Horton Pond

Horton Pond

In 2015, planned improvements to the Horton Pond area were completed in partnership with the Jekyll Island Foundation. Our goal for this project was to provide a space for people to enjoy nature, to inspire better public stewardship of the site, to improve habitat value for wildlife, and to increase educational opportunities.

The observation deck is wheelchair accessible and provides a wonderful view of the whole pond. A floating platform has been anchored in the pond to attract turtles, alligators, and birds to rest where they can easily and safely be seen from the deck.
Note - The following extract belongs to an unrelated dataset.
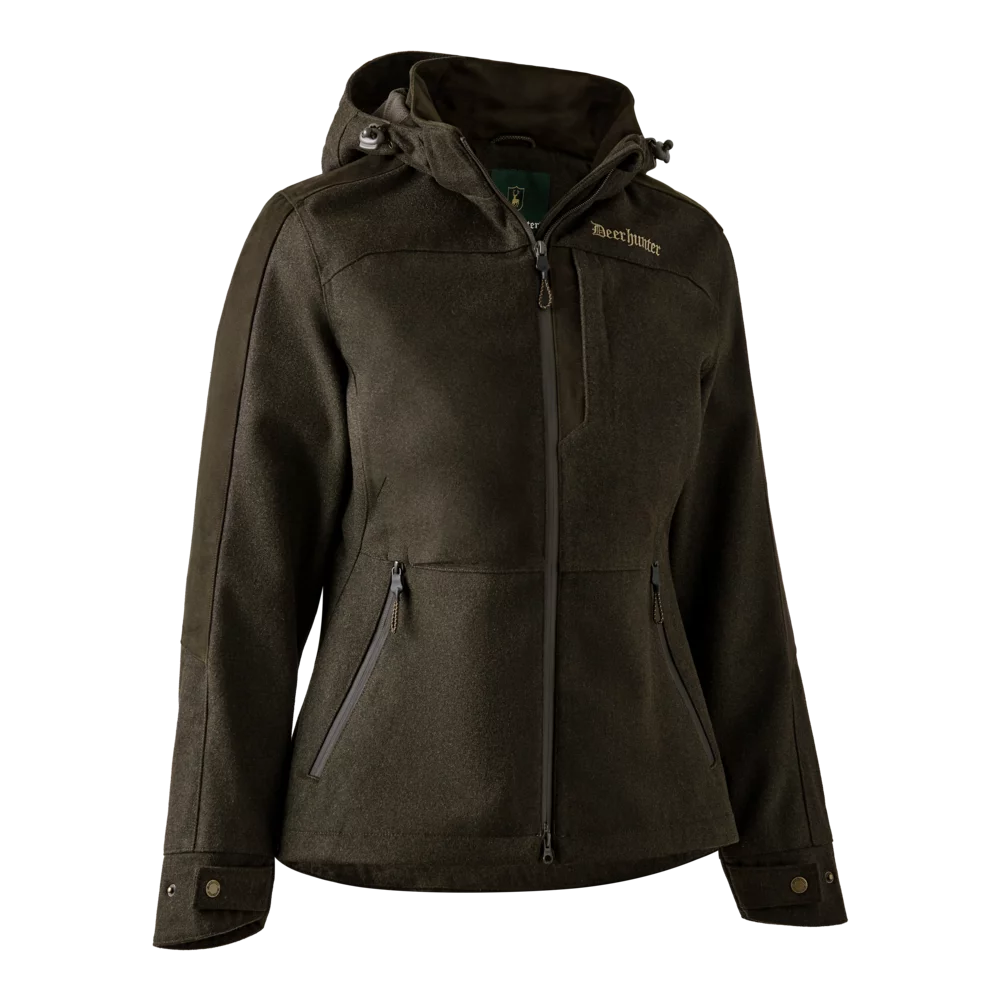 Lady Tatra Active Jacke - Loden Wood 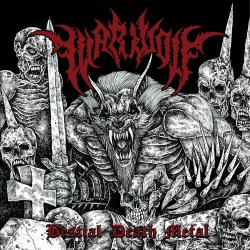 Cover Warwolf - Feral Awakening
The low-lying promontory on the north side of the pond has been modified to form a small island, thereby providing habitat that is designed to attract nesting wading birds.

A nature trail named Tupelo Trail was also added. It is a 0.7-mile loop that begins near the observation deck and passes through several of Jekyll Island’s maritime plant communities. Plant description plaques are posted along the trail, and allow visitors to learn key characteristics and fun facts about a few of our native plant species, such as the Tupelo Trees – for which the trail is named – Resurrection Ferns, and several different types of blueberries. The trail winds through multiple habitats and gives a different perspective of the natural beauty Jekyll Island has to offer.

The facilities are simple, so as not to intrude on the surroundings, with a small parking area and a bicycle rack. Horton Pond is one of Jekyll Island’s hidden gems. Discover it down the unmarked road leading into the woods across the street from the Villas by the Sea Resort’s main entrance on Beachview Dr.

We are currently raising money through the Jekyll Island Foundation for a route, which is a historic road, presumably dating back to the period when the Horton House was an occupied plantation, that will physically connect the Horton House historic site on the riverside of the island and Horton Pond. They sit approximately 0.6 miles apart, across the island’s central maritime forest, and are currently connected by an unimproved and mostly unmaintained service road. Once this path is completed, it will add a new way to traverse the island’s majestic interior from two of our signature locations.

Please be mindful to pick up after yourself and others when visiting. Remember feeding any wild animals – including alligators and turtles – is strictly prohibited on Jekyll Island for their safety and yours.

*The observation deck at Horton Pond may be closed to the public during certain programming events, like Gatorology.